The solutions will be published soon in a book. Smith, for one, wrote a chapter advocating student loan forgiveness for entrepreneurs who start businesses that create jobs.
Sims suggests teaching coding nationally via sites like Codecademy and creating partnerships with high schools, colleges and local government. He wants to start a “national programming movement” and recently formed a partnership with the White House for a summer programme to teach coding to underprivileged youth.
Other Fix Young America solutions have already been road-tested on a state level. Wyden’s idea is to expand the Self-Employment Assistance Programme, an obscure government programme that allows laid-off people to collect unemployment benefits while they start a business.
Wyden says the programme is one way to unstack the deck against young people.
Adam Lowry, 32, and Michael Richardson, 26, took advantage of the programme in Oregon, one state that offers it.
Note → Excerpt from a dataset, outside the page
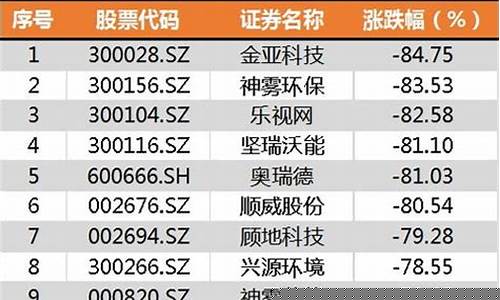 100万炒股一年最多挣多少钱(100万 炒股)_https://www.gfdzclz.com_北交所_第1张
In May 2009, the two were laid off from their jobs as software engineers at a startup in Portland. They both applied for unemployment benefits, but they really wanted to start a company.
WWhen they found out about the self-employment programme, they submitted the business plan for their company, a mobile services provider for app developers. Over six months they each received around $10,000.
“It was a great solution because we could concentrate on building our business instead of finding contract work,” Lowry said. Today their company, Urban Airship, has 75 employees and has raised millions in venture funding.
Andrew Yang, another member of Fix Young America, says more college graduates should be steered toward fast-growing companies. He is founder of Venture for America, a nonprofit based in New York that places graduates from top-tier schools at startups in cities like Las Vegas and Cincinnati. “Our goal is to create 100,000 jobs by 2025,” he said.
Venture for America says it works only with companies that have demonstrated the ability to create jobs. The companies pay a salary, $32,000 to $38,000 a year, during a two-year Venture for America fellowship. The first class of Venture for America fellows will graduate in 2014.
Ten fellows are being hired by the Downtown Project, a $350 million effort to revitalise downtown Las Vegas. Shierholz, of the Economic Policy Institute, said that what was really needed was more financial stimulus from the government to create jobs. The two new groups have attracted lawmakers’ attention in this election year. Both campaigns stress social media as part of their message, for example by asking for solutions on Twitter and their websites. But they are also mobilising on the ground.
Smith said the Campaign for Young America did not want to align itself with either political party, because concerns about youth unemployment cut across party lines.
“Both Democrats and Republicans need to listen and respond to the concerns of our generation,” he said.